Tumor-Specific Immune Responses and Biomarkers in pediatric High-Risk Hodgkin Lymphoma Patients Open Access

• Tumor-specific T cell immune response to antigen PRAME increases post treatment for pediatric high-risk Hodgkin Lymphoma

• Immunosuppressive cytokines decrease post treatment potentially influencing future addition of immunotherapy for pediatric Hodgkin Lymphoma

There is an unmet need to examine anti-tumor immune responses and predictive biomarkers in the peripheral blood to guide effective combination immunotherapies in classical Hodgkin Lymphoma (cHL).

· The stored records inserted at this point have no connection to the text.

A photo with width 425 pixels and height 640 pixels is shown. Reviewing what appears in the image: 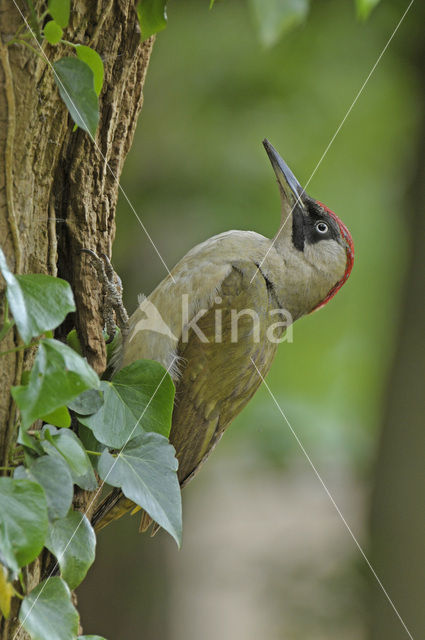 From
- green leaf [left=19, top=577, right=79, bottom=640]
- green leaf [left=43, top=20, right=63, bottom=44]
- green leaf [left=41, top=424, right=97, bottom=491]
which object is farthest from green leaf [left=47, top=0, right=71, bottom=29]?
green leaf [left=19, top=577, right=79, bottom=640]

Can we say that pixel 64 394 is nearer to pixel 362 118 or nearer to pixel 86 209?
pixel 86 209

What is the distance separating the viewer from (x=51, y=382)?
1.23 m

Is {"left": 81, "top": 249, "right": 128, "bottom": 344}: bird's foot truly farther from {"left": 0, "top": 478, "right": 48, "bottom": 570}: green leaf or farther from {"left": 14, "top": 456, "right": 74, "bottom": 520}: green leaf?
{"left": 0, "top": 478, "right": 48, "bottom": 570}: green leaf

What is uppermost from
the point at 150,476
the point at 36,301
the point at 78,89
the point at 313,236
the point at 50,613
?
the point at 78,89

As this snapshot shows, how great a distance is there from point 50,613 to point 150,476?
329 mm

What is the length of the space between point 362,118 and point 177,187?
140 centimetres

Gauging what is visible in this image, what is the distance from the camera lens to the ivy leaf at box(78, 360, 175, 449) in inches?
Answer: 64.3

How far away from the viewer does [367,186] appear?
16.4 feet

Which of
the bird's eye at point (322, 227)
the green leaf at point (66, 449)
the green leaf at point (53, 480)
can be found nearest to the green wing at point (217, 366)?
the bird's eye at point (322, 227)

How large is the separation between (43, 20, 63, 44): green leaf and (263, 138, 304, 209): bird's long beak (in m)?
1.27

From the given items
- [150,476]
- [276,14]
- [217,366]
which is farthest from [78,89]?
[217,366]

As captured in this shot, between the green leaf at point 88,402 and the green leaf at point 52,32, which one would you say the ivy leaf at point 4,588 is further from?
the green leaf at point 52,32

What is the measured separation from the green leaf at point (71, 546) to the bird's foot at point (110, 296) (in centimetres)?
84

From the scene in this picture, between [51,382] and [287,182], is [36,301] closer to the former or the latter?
[51,382] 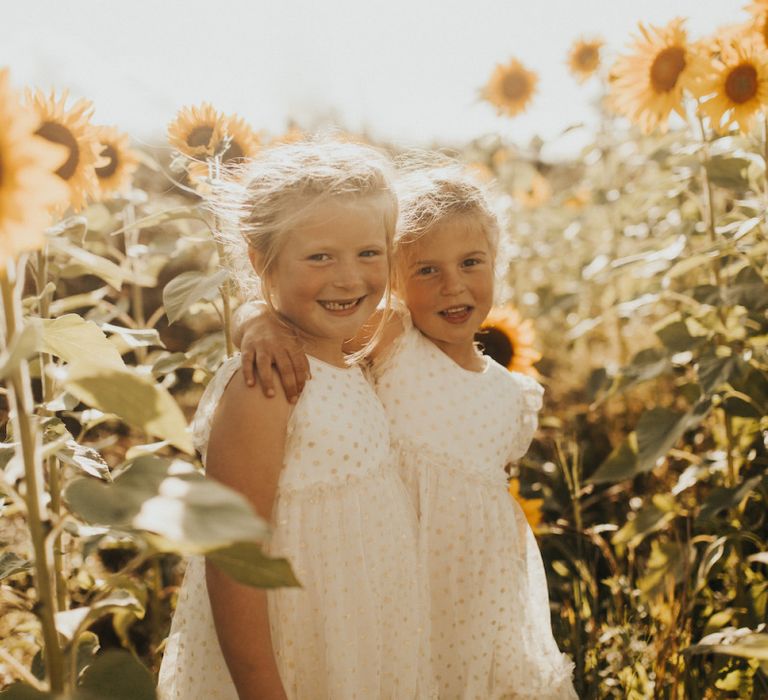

We sought to evaluate T cell specific immune responses as well as cytokine and chemokine profiles including levels of sCD30, sCD163 and TARC in relation to event-free survival (EFS) in patients with cHL. The Children's Oncology Group clinical trial AHOD1331 (NCT02166463) was a randomized phase III trial for patients with newly diagnosed high risk cHL ages 2 to 21 years which compared standard chemotherapy with doxorubicin, bleomycin, vincristine, etoposide, prednisone and cyclophosphamide (ABVE-PC) to brentuximab vedotin (Bv) + AVE-PC with response adapted radiation. Our results demonstrate that chemotherapy with or without addition of anti-CD30 antibody drug conjugate brentuximab vedotin (Bv) is associated with a favorable cytokine environment for cellular and immunotherapies. Treatment of cHL on both arms increased tumor antigen-specific T cell responses and resulted in decreased levels of sCD30, sCD163 and TARC. We demonstrate that treatment of cHL on COG AHOD1331 produced an environment that favors anti-tumor immune response, which may aid in application of further cellular and immunotherapies targeting cHL.